PROBLEM STATEMENT ▸ Could you retype the lines below, starting at the line holding "Autobus in fiamme su A2 altezza Sant’Onofrio" and stopping at the line holding "Apartamento de 2", inclusive? Copy them exactly and drop the images.

SOURCE MATERIAL ▸
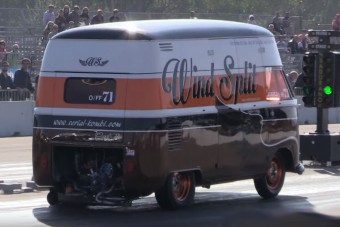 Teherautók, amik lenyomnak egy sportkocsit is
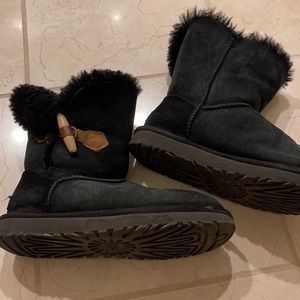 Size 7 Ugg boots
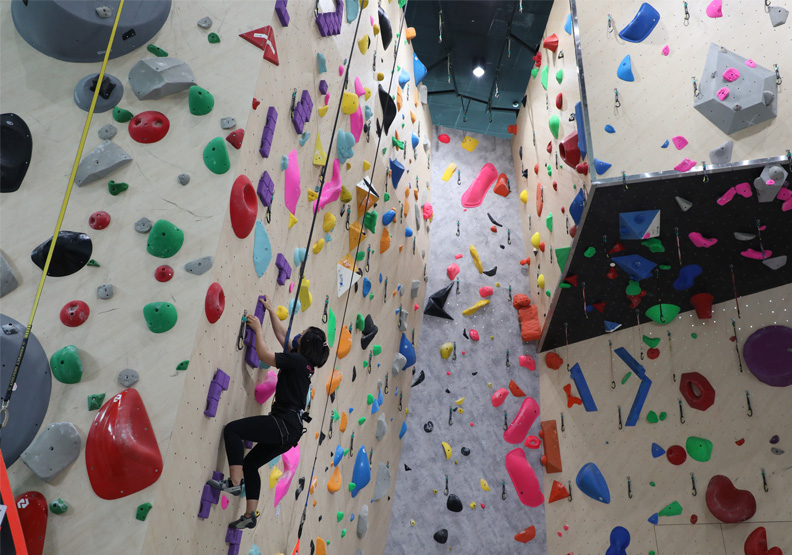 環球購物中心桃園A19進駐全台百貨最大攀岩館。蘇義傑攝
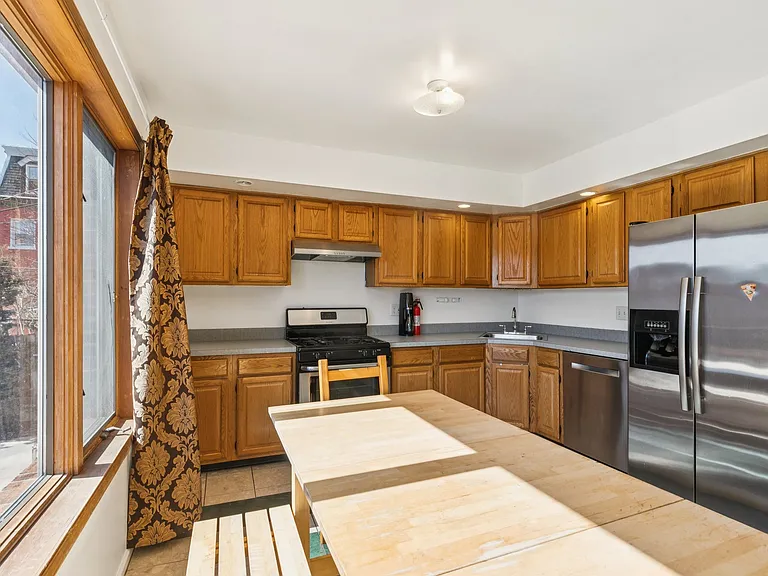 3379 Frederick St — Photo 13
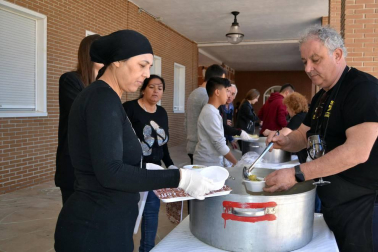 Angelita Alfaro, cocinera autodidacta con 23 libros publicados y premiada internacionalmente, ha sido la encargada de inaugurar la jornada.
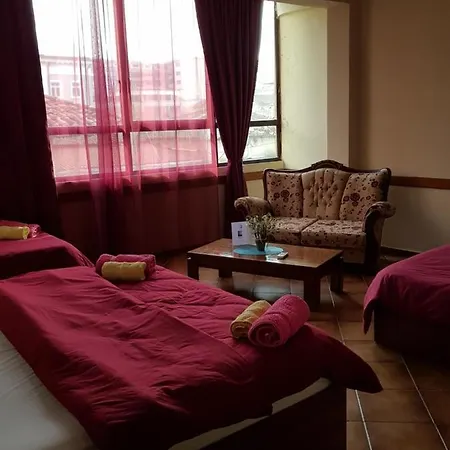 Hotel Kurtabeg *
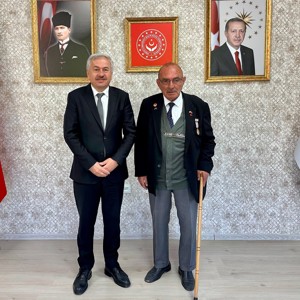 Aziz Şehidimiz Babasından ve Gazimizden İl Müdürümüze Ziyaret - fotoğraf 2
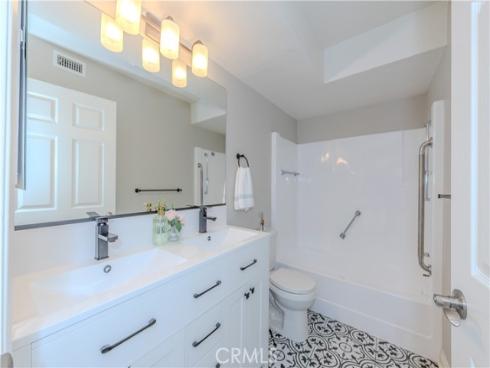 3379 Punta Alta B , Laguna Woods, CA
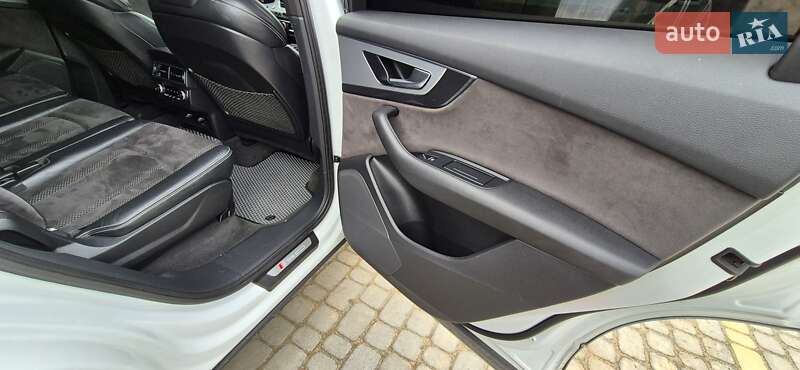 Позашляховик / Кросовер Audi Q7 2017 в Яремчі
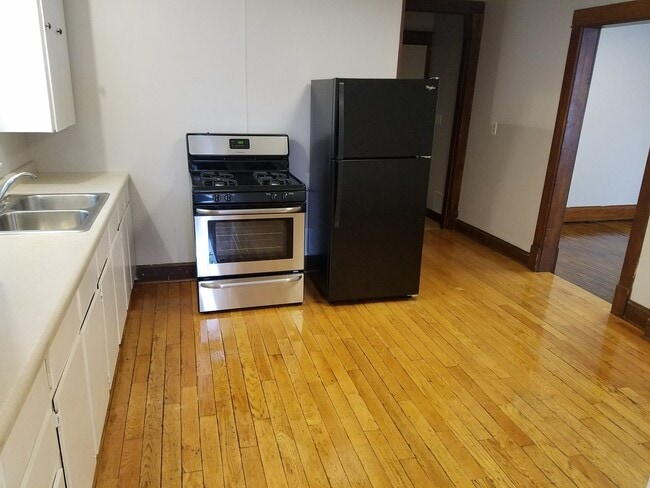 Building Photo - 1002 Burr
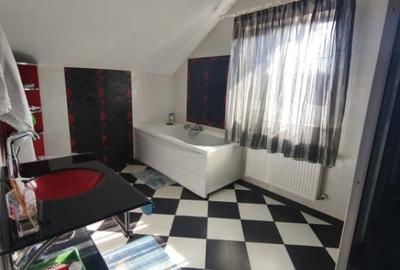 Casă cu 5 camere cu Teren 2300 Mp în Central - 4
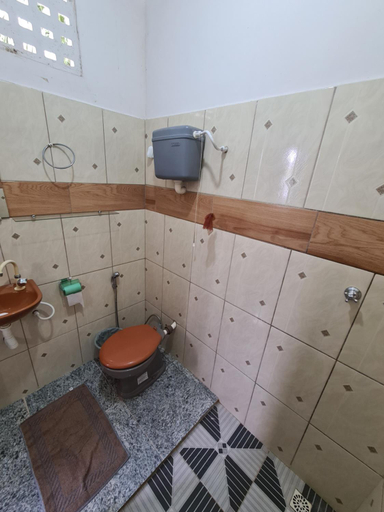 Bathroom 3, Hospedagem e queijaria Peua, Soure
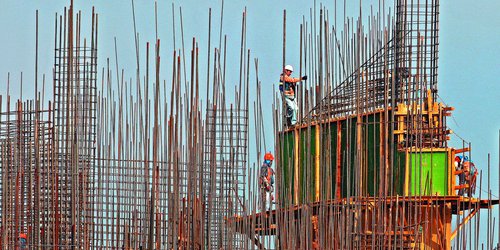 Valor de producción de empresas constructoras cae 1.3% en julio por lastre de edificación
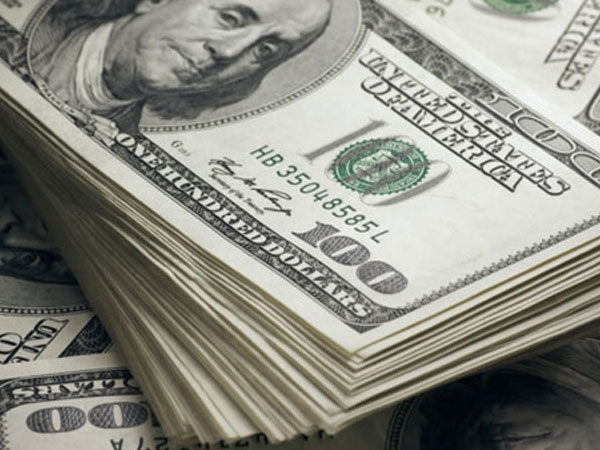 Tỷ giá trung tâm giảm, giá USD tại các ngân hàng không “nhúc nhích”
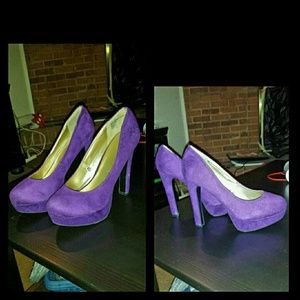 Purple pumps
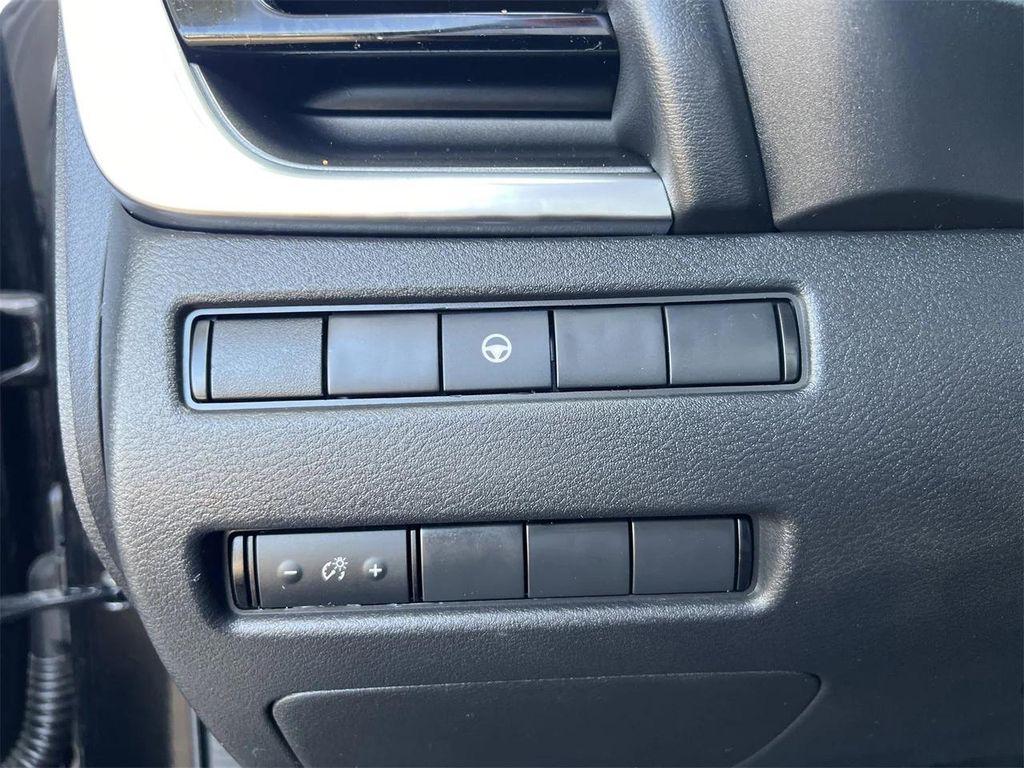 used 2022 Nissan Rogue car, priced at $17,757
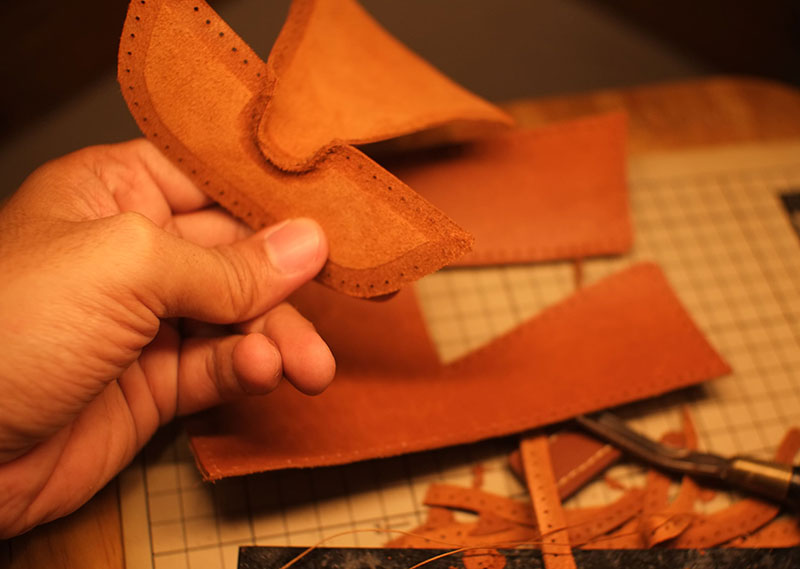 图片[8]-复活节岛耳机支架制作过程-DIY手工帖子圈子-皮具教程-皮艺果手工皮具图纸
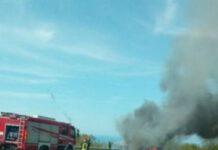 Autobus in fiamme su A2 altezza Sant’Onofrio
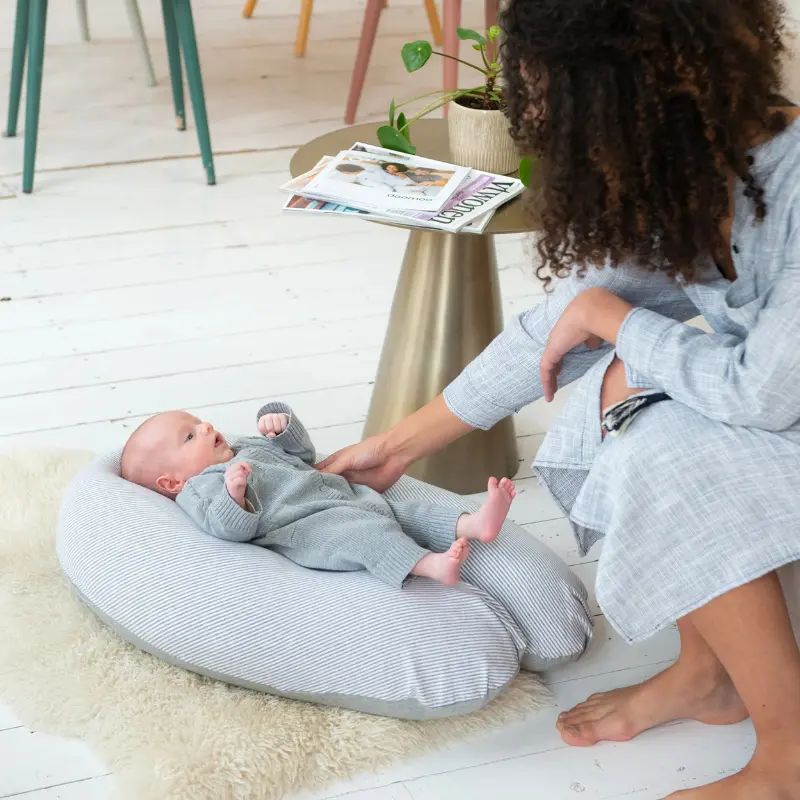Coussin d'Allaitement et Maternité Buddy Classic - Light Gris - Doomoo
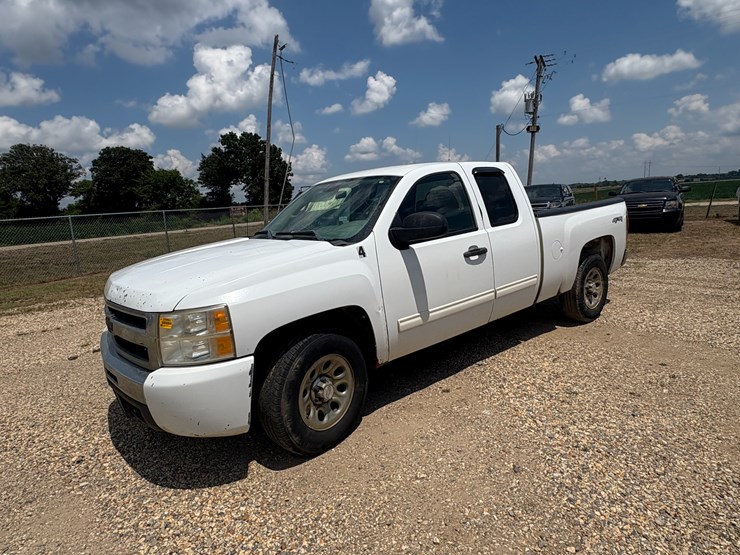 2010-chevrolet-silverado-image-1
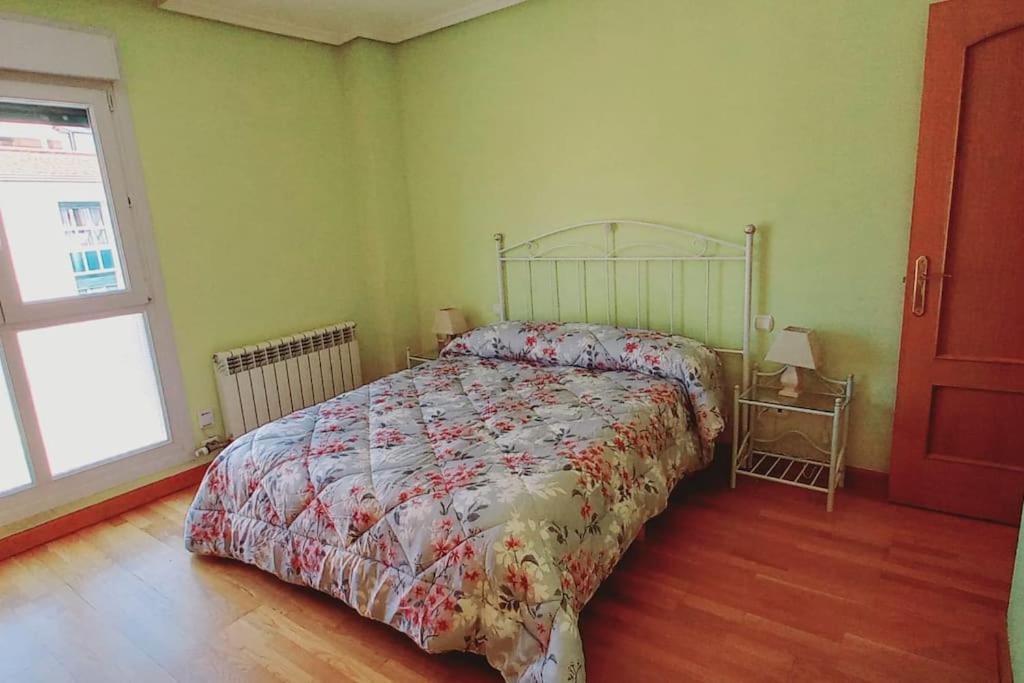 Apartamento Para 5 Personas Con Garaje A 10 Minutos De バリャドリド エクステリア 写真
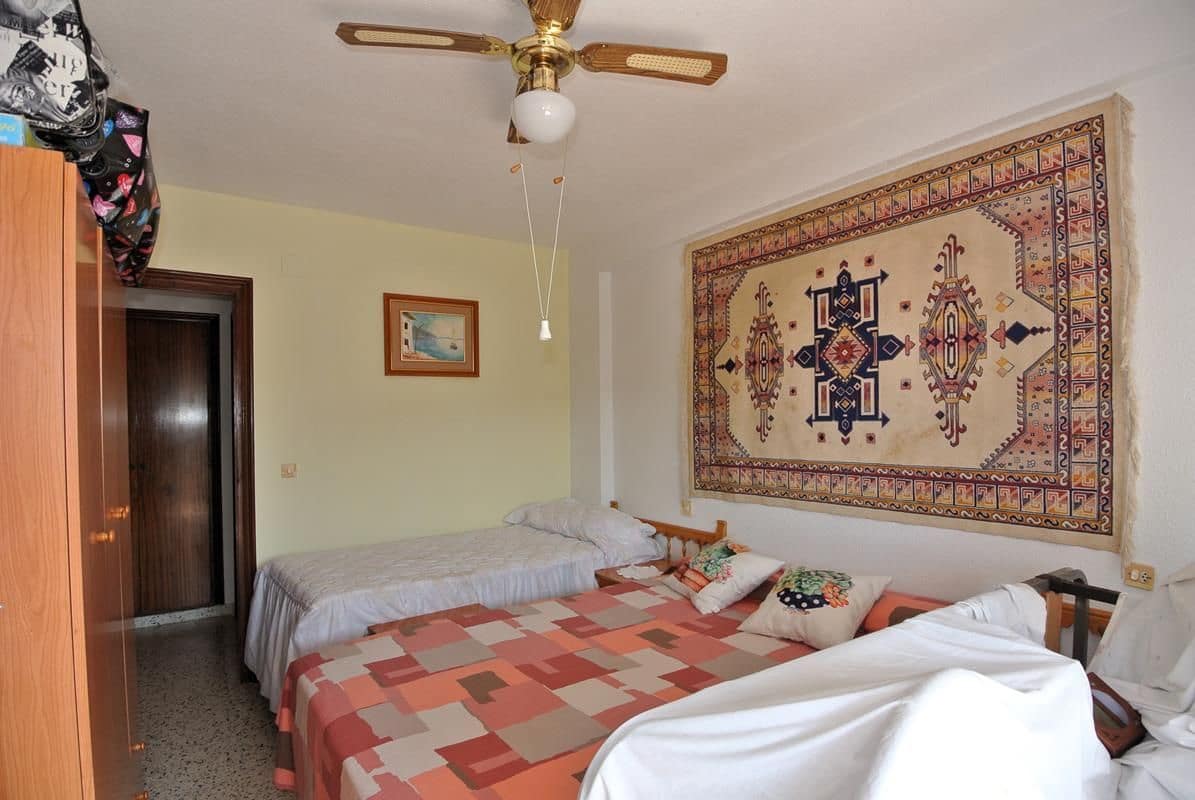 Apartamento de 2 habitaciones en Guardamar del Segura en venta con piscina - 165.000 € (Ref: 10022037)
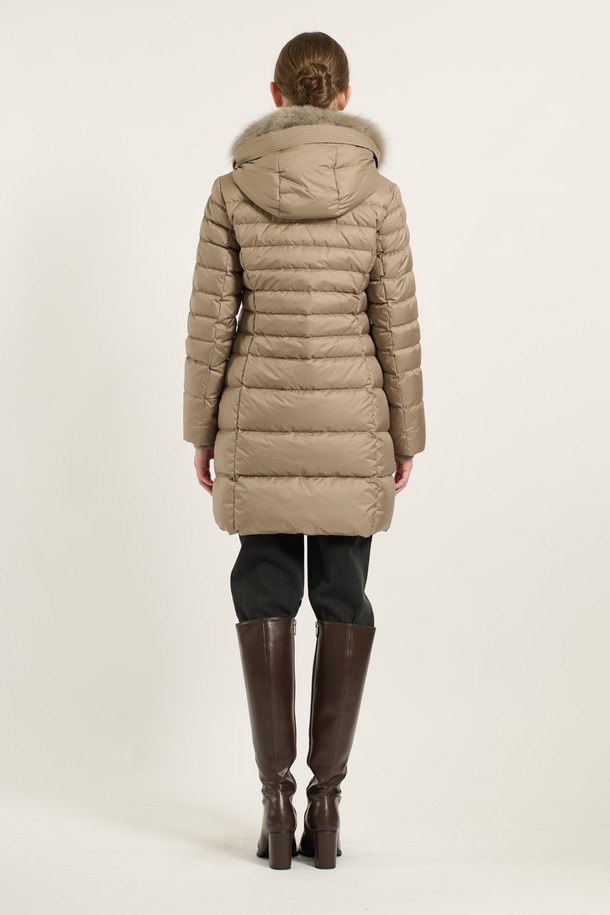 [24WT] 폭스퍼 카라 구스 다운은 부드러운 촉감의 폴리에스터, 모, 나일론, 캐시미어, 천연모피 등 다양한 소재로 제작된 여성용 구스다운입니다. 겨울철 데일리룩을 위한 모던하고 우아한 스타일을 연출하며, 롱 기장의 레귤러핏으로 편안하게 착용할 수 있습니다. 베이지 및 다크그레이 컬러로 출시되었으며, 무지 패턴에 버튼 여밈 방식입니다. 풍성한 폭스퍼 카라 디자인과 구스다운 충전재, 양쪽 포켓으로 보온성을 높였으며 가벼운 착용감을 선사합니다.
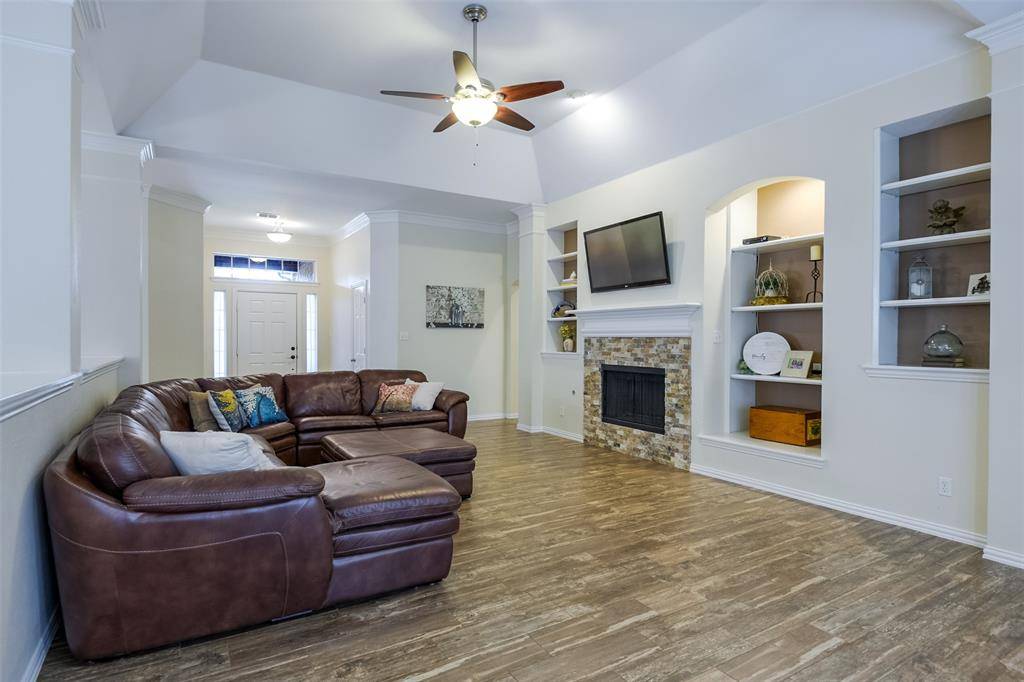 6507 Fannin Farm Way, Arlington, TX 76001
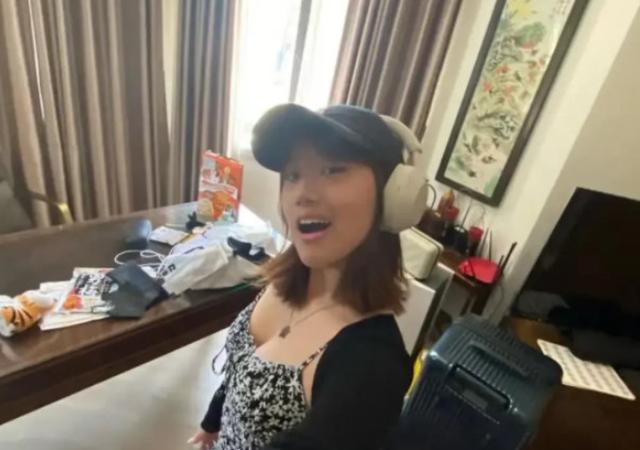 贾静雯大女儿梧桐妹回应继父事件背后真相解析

RESULT FOR THIS EXERCISE ▸
 Autobus in fiamme su A2 altezza Sant’Onofrio
Coussin d'Allaitement et Maternité Buddy Classic - Light Gris - Doomoo
 2010-chevrolet-silverado-image-1
 Apartamento Para 5 Personas Con Garaje A 10 Minutos De バリャドリド エクステリア 写真
 Apartamento de 2 habitaciones en Guardamar del Segura en venta con piscina - 165.000 € (Ref: 10022037)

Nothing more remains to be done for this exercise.